→ **Required work**
The range runs from the line containing "Arian Foster Houston" to the last line of the entries. Restate those lines word for word, without the pictures.

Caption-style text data
_ _ _

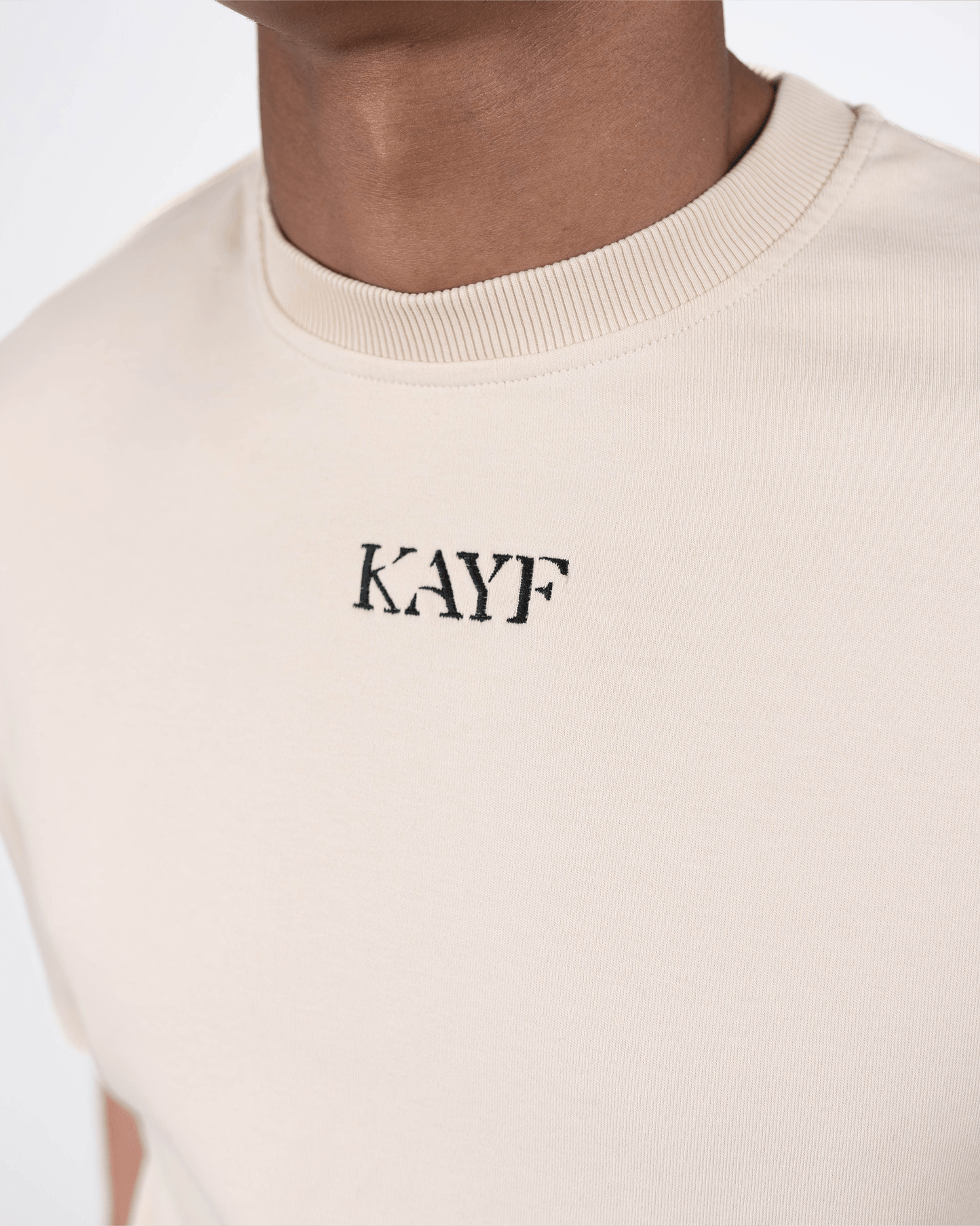 Oversized T-Shirt "Bleached Sand"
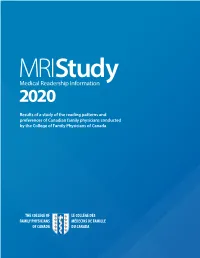 CFP Medical Readership Information Study, 2020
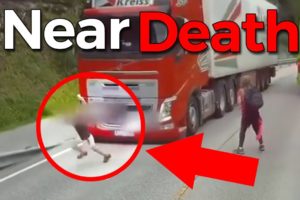 TRUCK TESTING ITS BREAKS - Near Death Captured On GoPro & Camera Compilation #21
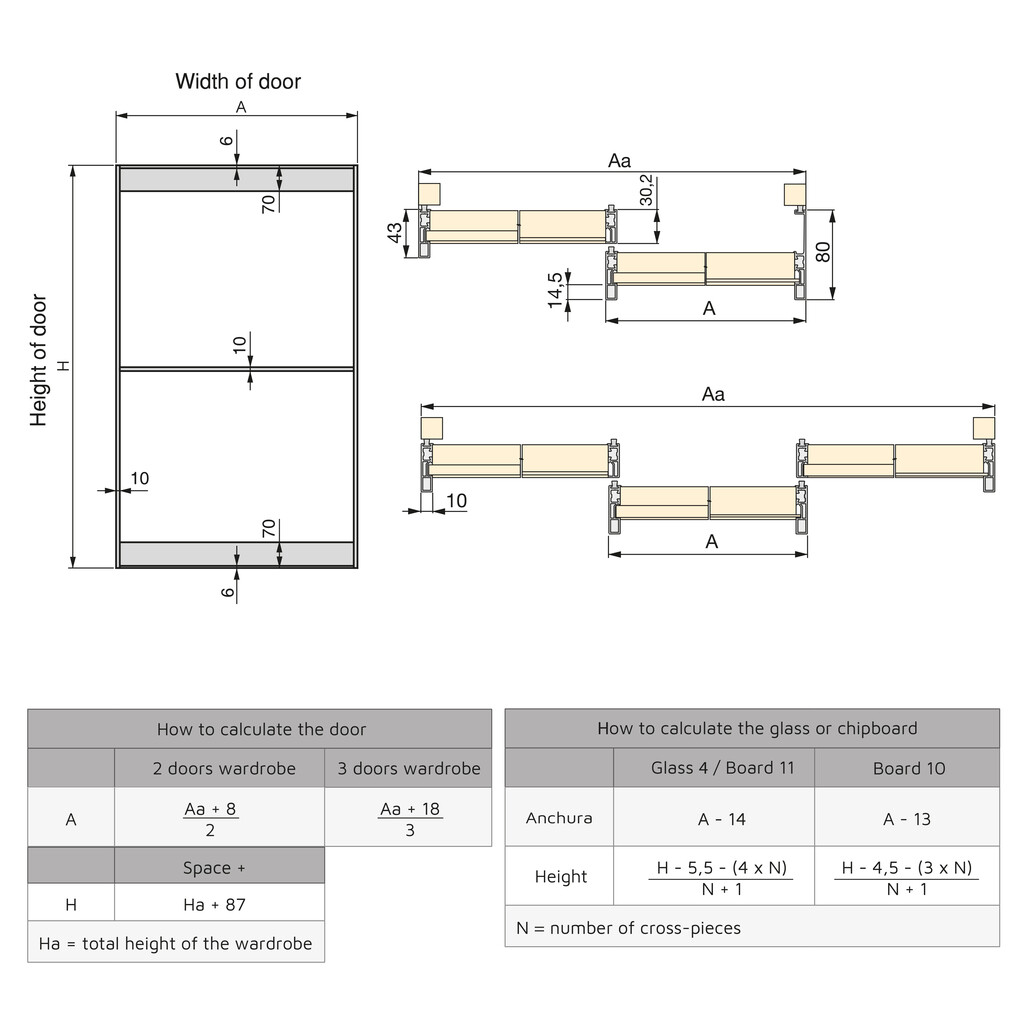 Profils Free, 2,35 m, Anodisé mat, Aluminium-2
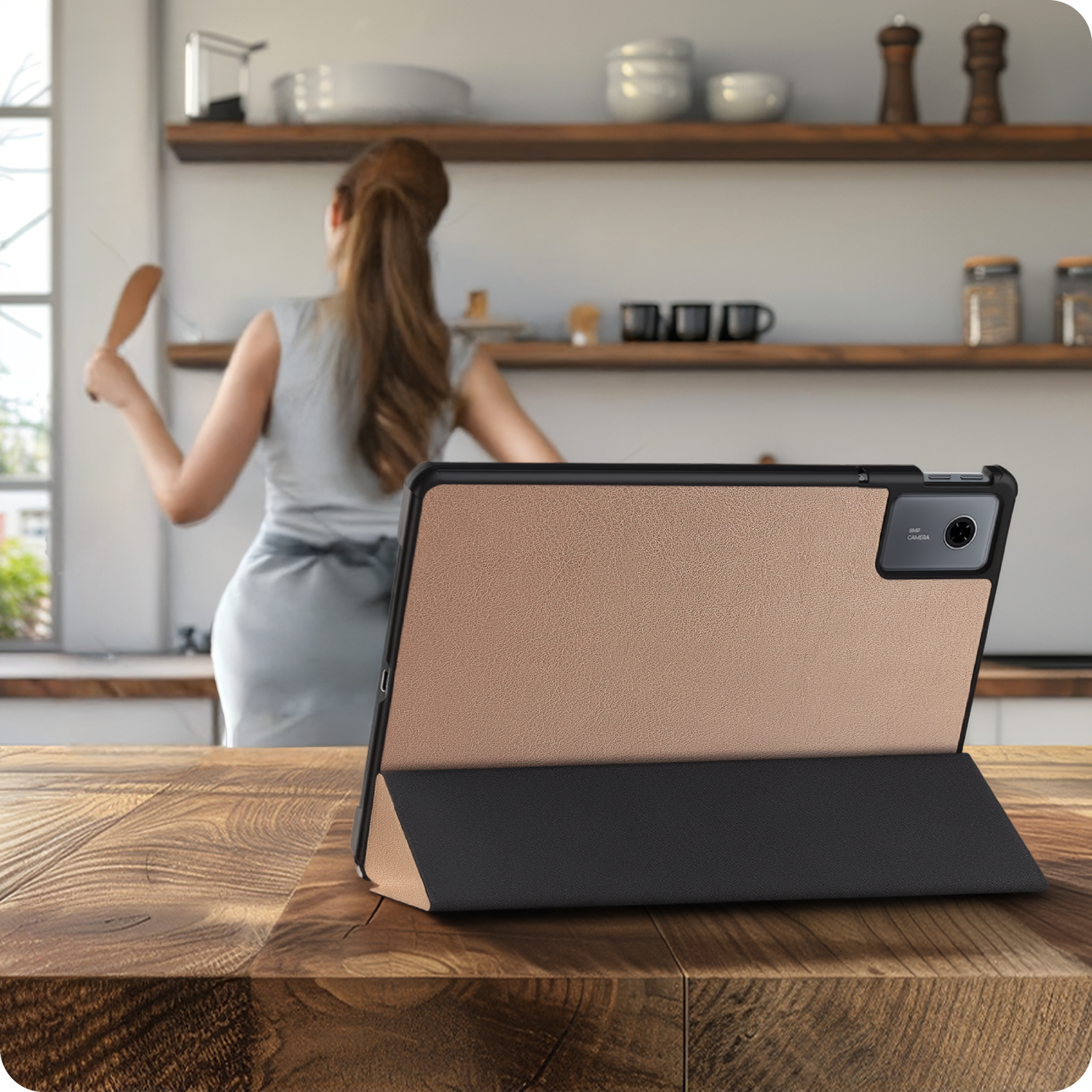 Nomfy Nomfy Lenovo Idea Tab Hoesje - Rose Goud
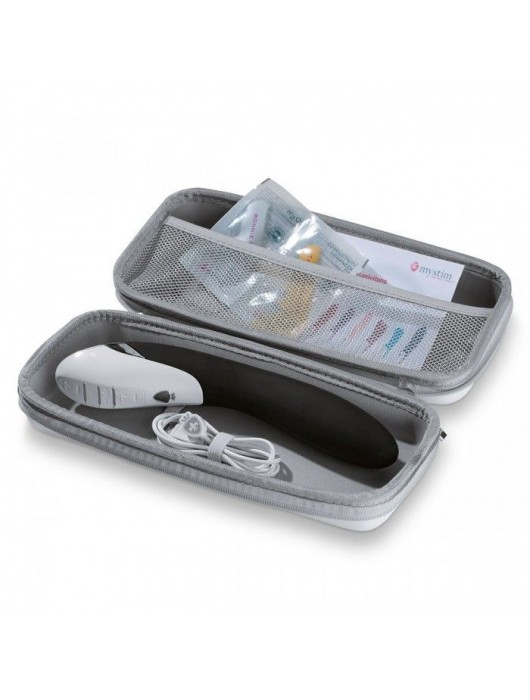 Вибратор с электростимуляцией Sizzling Simon Black Edition - 27 см. - MyStim - купить с доставкой в Сургуте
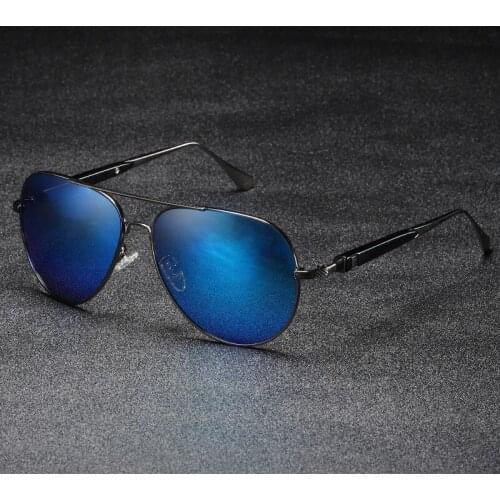 High End Mens Pilot Sunglasses Luxury High Quality Stylish for Male Retro VIntage Driving Shades Sun Glasses With Free Box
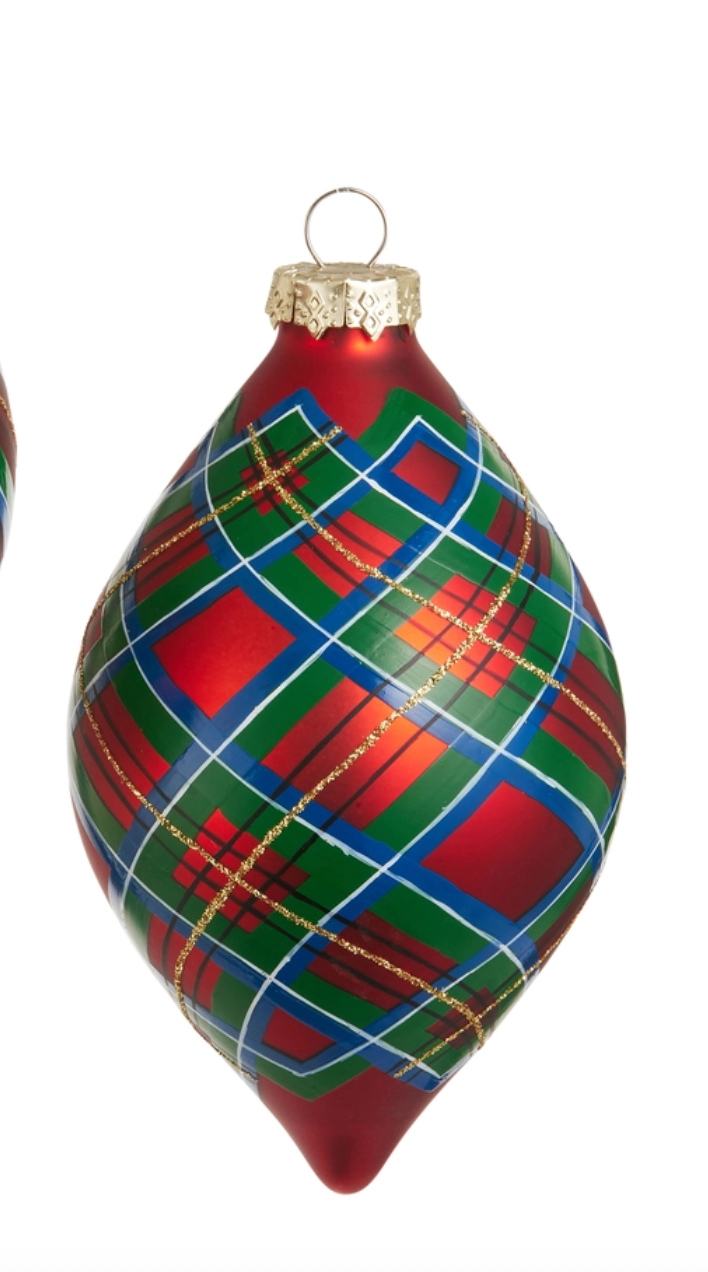 Plaid Ornament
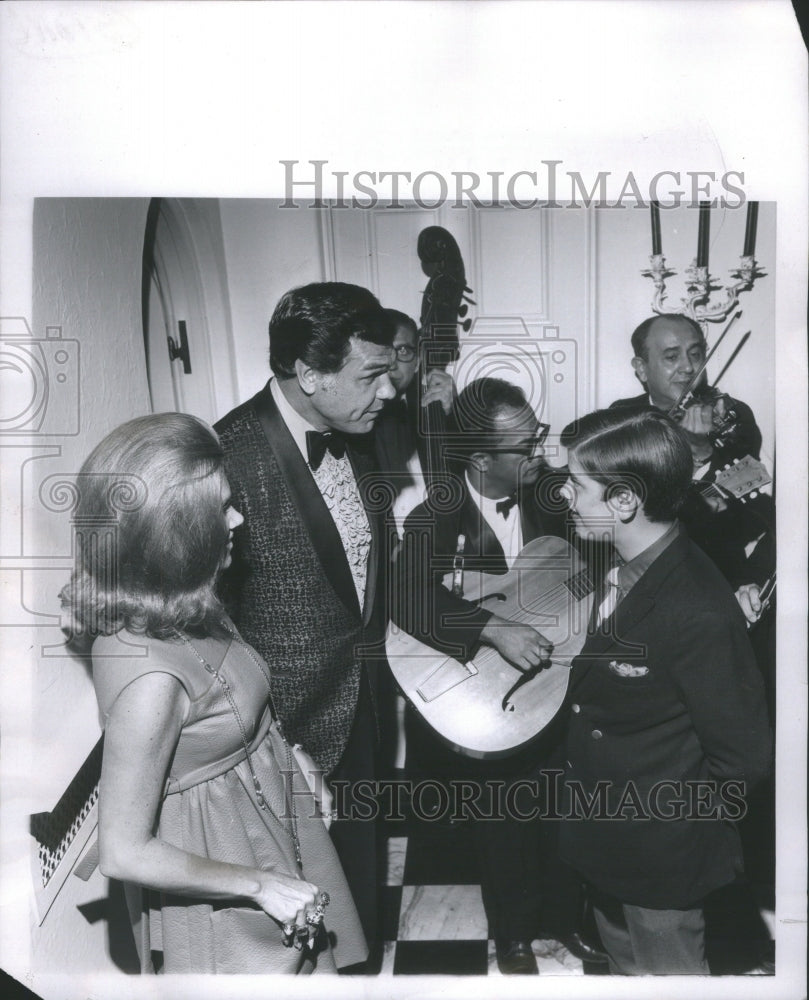 1969 Press Photo Arthur Stone David Cavanagh Music Band - RRU01327 - Historic Images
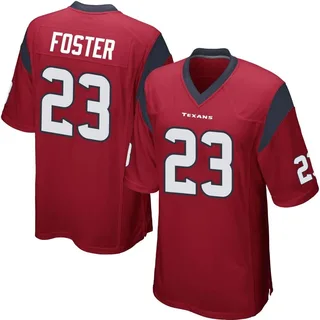 Arian Foster Houston Texans Men's Game Alternate Nike Jersey - Red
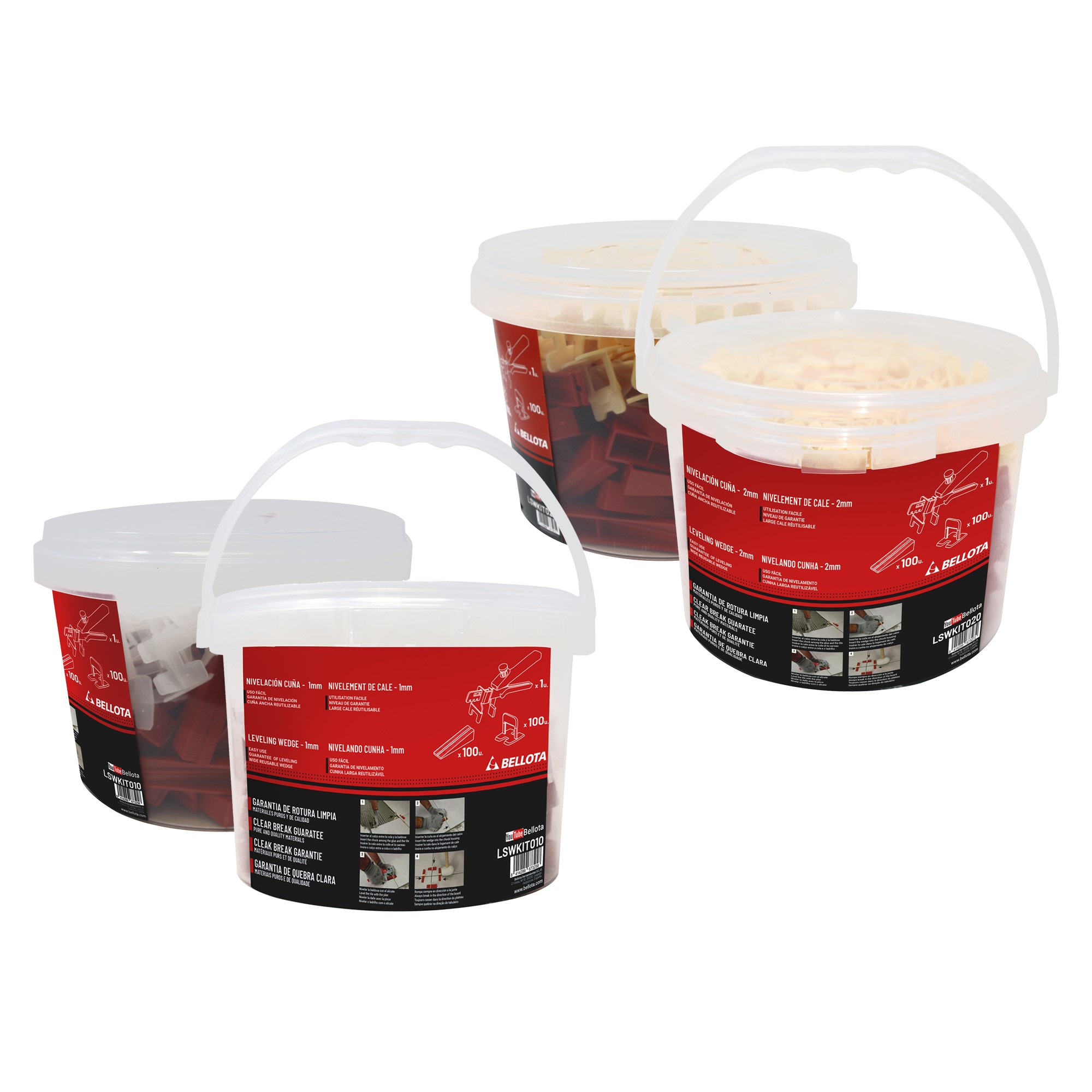 Kit de nivelación cerámica para sistema cuña / LSWKIT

_ _ _

→ **Response box**
 Arian Foster Houston Texans Men's Game Alternate Nike Jersey - Red
 Kit de nivelación cerámica para sistema cuña / LSWKIT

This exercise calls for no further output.